Sanderson Media

Cooking crabs and fish on a steam train

Wednesday, January 3, 2007

Retired Queensland train driver, Henry Challinor, with his sturdy all purpose railway lunch box.

It was a typical Central Queensland summer’s day in 1955 when fireman Henry Challinor, teamed with his dad Harry, a train driver, to bring a steam engine and goods wagons slowly back from Port Alma to Rockhampton.

Henry loved firing for his dad and they were both keen sporting types. Sometimes the Port Alma run might take about 14 hours as there was often a load of meat, tallow, hides or pineapples to be shunted and unloaded for export.

Here was a team that didn’t mind telling their mates how many crabs they potted or fish they caught during their long workday. Sometimes the smell of cooked crab and fish lingered in the cabin for the next crew. The electric train engines and diesel locomotives of today would hardly pass as pie warmers by comparison.

Crabs steamed in railways toolbox

On the way home the cooking was done in a railways department metal bucket with just enough steam syphoning onto the deceased crabs. It was a tool bucket under normal circumstances.

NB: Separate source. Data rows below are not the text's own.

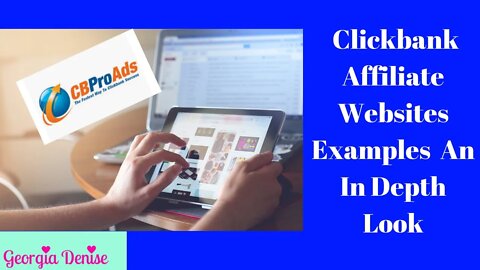 Clickbank Affiliate Marketing Websites Examples | An In Depth Look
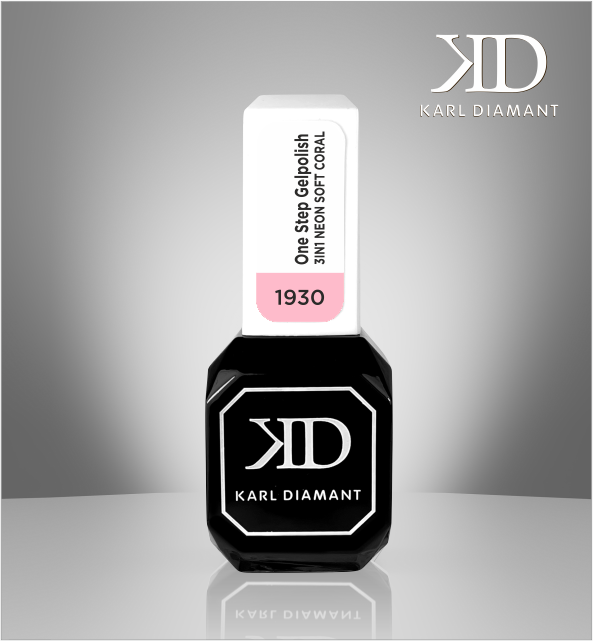 UV Gel polish One Step 3in1 Neon Soft Coral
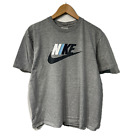 Vintage Nike großes Logo graues T-Shirt Größe XL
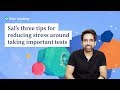 Stress Reduction and Test Preparation Tips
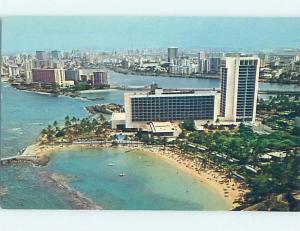 Unused Pre-1980 HILTON HOTEL San Juan Puerto Rico PR c0689@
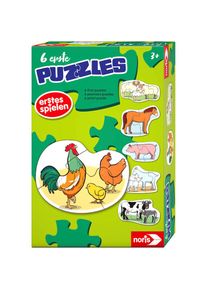 Noris, Puzzle &raquo;6 erste Puzzles - Bauernhoftiere&laquo;, bunt, Papier, Pappe,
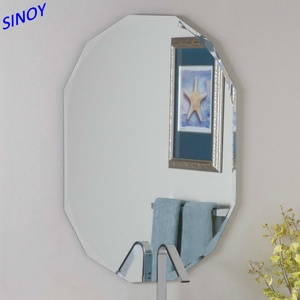 Modern Fashion Frameless <b>Silver</b> Bathroom <b>Mirror</b> Wall <b>Mirror</b> - Product Image 1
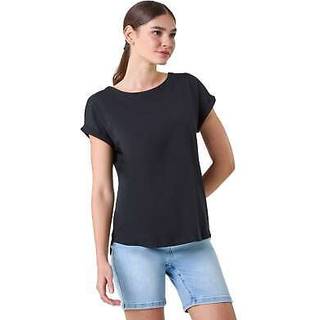 Roman Roman Black Plain Stretch Cotton Jersey T-Shirt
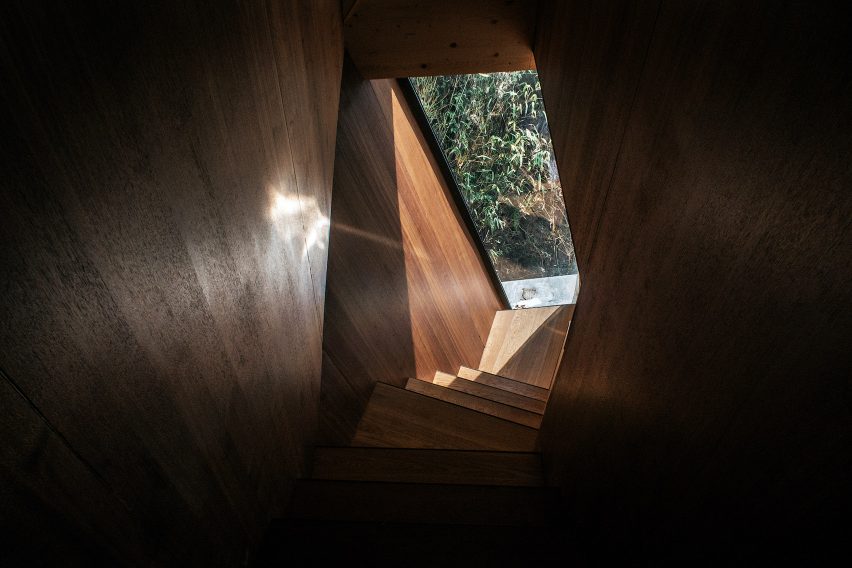 Interior of hotel cabins designed by Wiki World and Advanced Architecture Lab in China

Fish were wrapped in brown paper and placed on a ledge above the steam train’s boiler. After a couple of hours, the aroma of grilled fish galvanised the appetite of the gourmet team who then worked with renewed vigour.

Long before the invention of alfoil, Henry and his Dad wrapped the fish too sparingly in paper, only to see half of it stick to the boiler. Fuming would be a fair description of the following crew who had to endure the smell of welded fish for their entire workday.

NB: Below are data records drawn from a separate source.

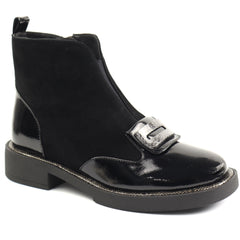 Epica Ghete dama D7A206 M121B T139A O1 I negru velur ID5101-NGV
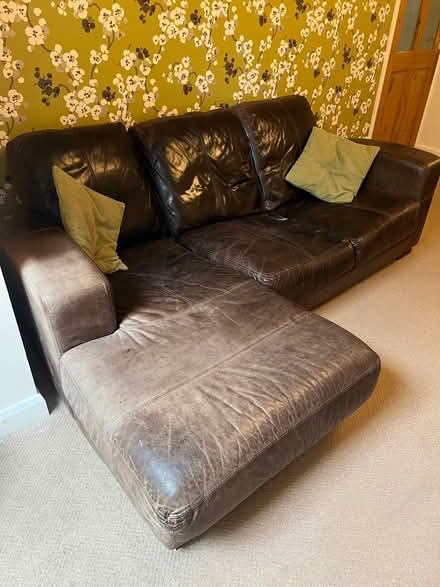 Photo of free 3 seater leather corner sofa (Banners Gate B73) #3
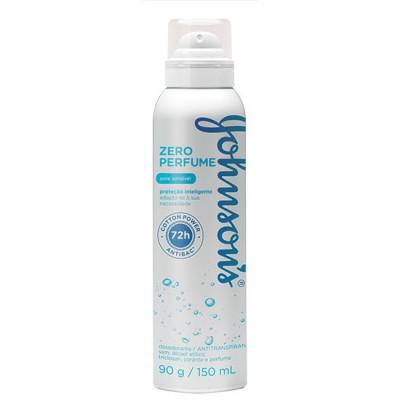 DESOD AEROSOL JOHNSONS ZERO PERFUME 150ML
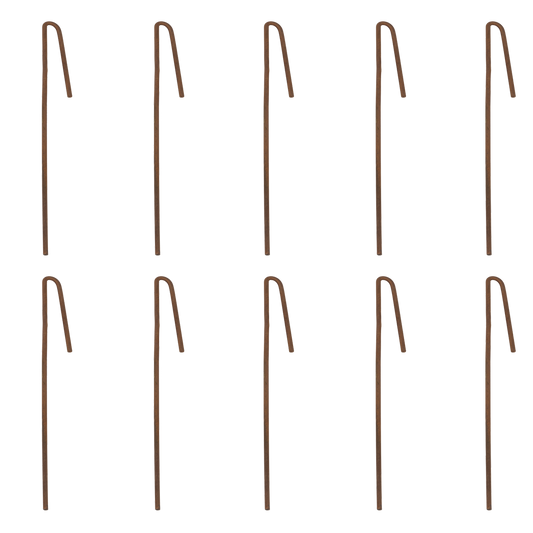 Tuscan Path Rust Metal Garden Edging Pegs 280mm 10pk - Durable & Weather-Resistant – view 2 - Auzzistore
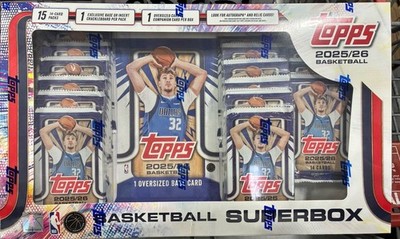 2025/26 Topps NBA Costco Bundle Box Sealed Basketball Superb Cooper Flagg 15pack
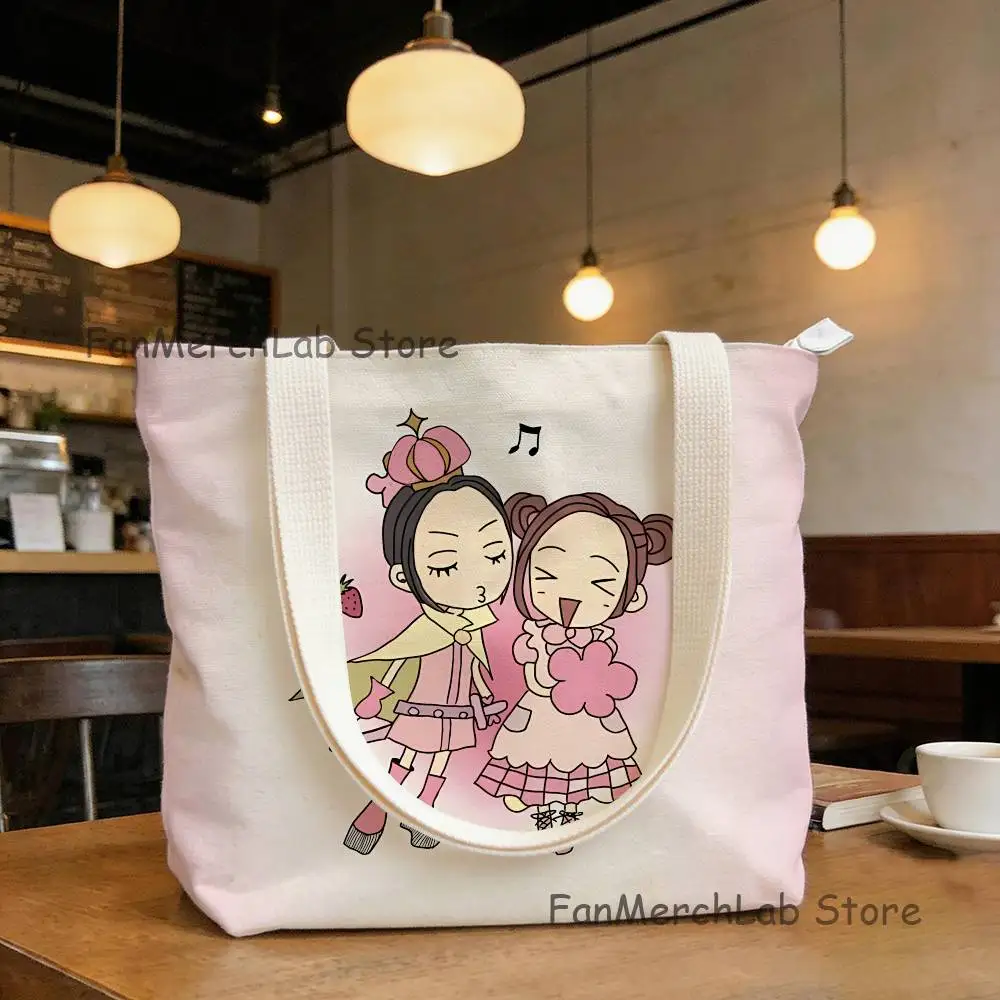 

Anime Peripheral N-Nana New Handbag Women Men Birthday Fashion Canvas Tote Bags Gifts Unisex Shoulder Bag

Bacon and eggs fried on fireman’s shovel

The fireman’s shovel was a personal thing. A bit of a scrub and it could be used to fry eggs, steak and snags.

In the old days a train driver might have begun his career as a lad porter. In 1947 Henry Challenor started as an engine cleaner and within ten years became a fireman and finally a driver.
For the public, steam trains have charm and appeal but only the engine crew knew how much hard work it took to keep them oiled, watered stocked with coal and rolling down the track.


Henry drives one of the last steam trains to rumble through Rockhampton.

Today a railway employee would need to live at the local gym to get that much exercise. A sturdy galvanised iron lunch box was standard equipment for the train crew. There was room for meat, vegetables, sandwiches, cutlery, spanners, toothbrush, a good book and even a compartment for pyjamas.

You’ll rip its fur off you mug

Sometimes the crew would be away for up to 36 hours at a time and some sporting drivers caught more than fish. On one occasion driver Dave Kerr stopped his train out between Duchess and Djarra, took his rifle and plugged a kangaroo for pet food. He’d done it heaps of times before.

However as he dragged the dead animal back to the locomotive, a stentorian voice rang out from the rear of the train, “don’t drag it you mug, you’ll rip it’s fur off.” It was a railway train inspector and Kerr didn’t know he was on board.
There were no toilets on early steam and diesel locomotives but the many railway sidings with ablution facilities showed a considerate railways department.

Diarrhoea and long-distance train driving

A long trip however could be a real problem. In the outback on a goods train a crew member could duck behind a few trees hoping a distant ringer might think he was taking notes or looking for a signal box. There isn’t time to elaborate on the driver who suffered diarrhoea from a moving outback train or the fireman who rendered his shovel an unsuitable cooking implement when he couldn’t wait for the next toilet.

Did cow catchers really work?

In theory, a cow catcher was supposed to hoist a wandering cow into the air and throw it clear off the line. Once out near Capella, around 1958, a big red heifer decided to end it all by standing in front of Henry’s train as it came down a hill and rounded a bend.
Even the emergency brake didn’t stop it getting well and truly jammed underneath. Henry reversed the train while the crew tried to extract as much as they could in the way of beef, rump, bones, chops or whatever.

Cow was etched underneath the boiler

On arriving in Capella he parked the engine over a pit to remove the rest of the animal. “By that stage you’d swear someone had painted a cow underneath the boiler, remembers Henry.